SOURCE RECORDS:

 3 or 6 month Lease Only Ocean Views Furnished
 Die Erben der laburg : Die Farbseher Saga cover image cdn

...

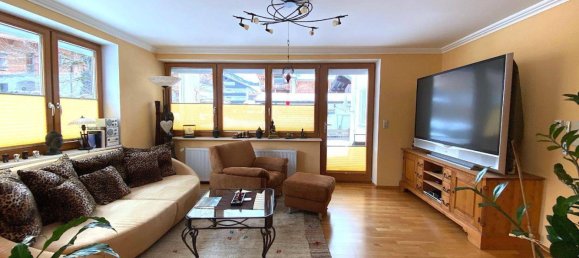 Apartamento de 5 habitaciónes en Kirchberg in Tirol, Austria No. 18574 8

--

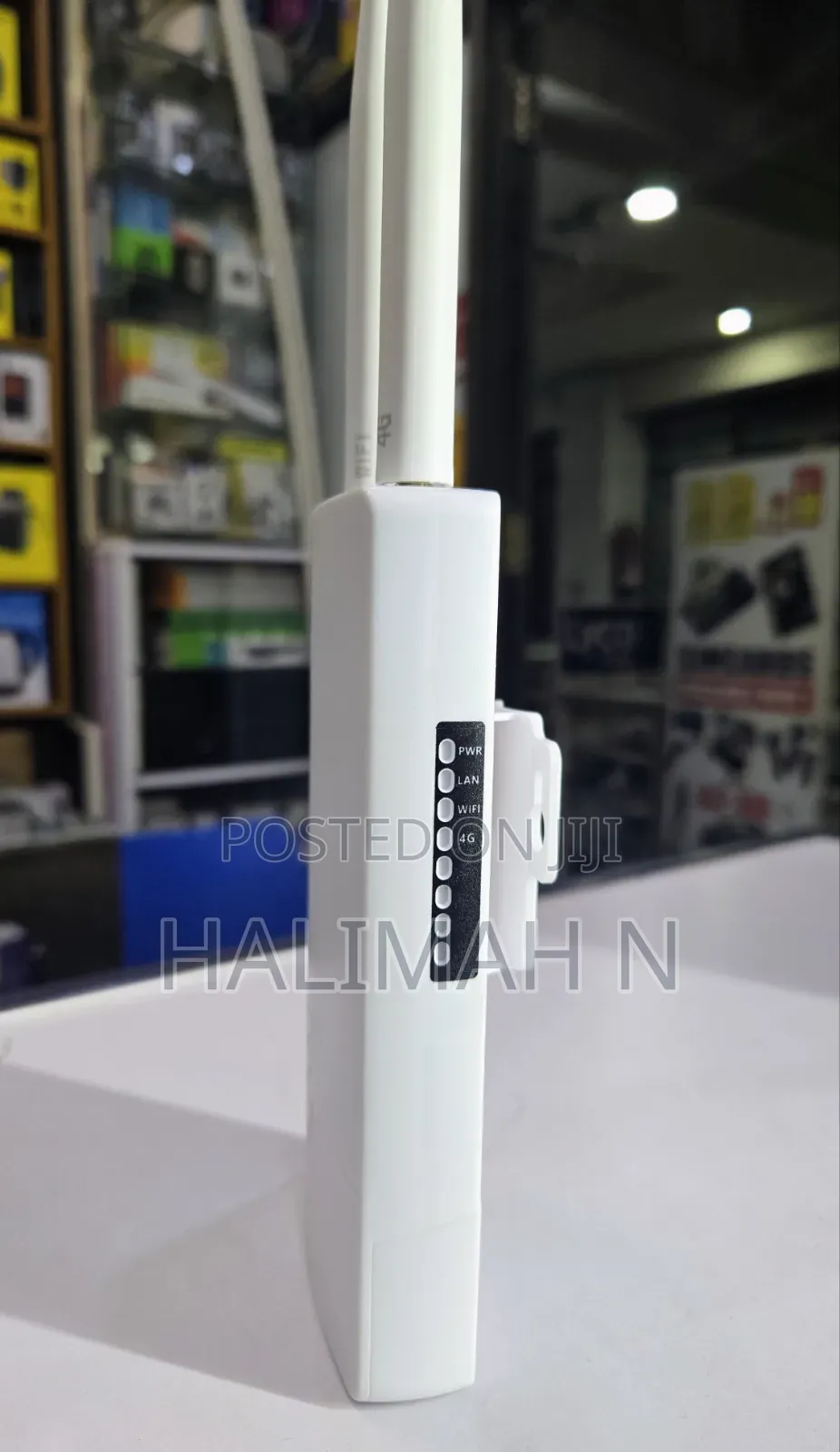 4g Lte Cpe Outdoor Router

YOUR ASSIGNMENT:
Looking at the data above, write out exactly the lines that start at the one containing "3 or 6 month" and end at the one containing "Die Erben der"; include both and nothing beyond.

RESPONSE BELOW:
 3 or 6 month Lease Only Ocean Views Furnished
 Die Erben der laburg : Die Farbseher Saga cover image cdn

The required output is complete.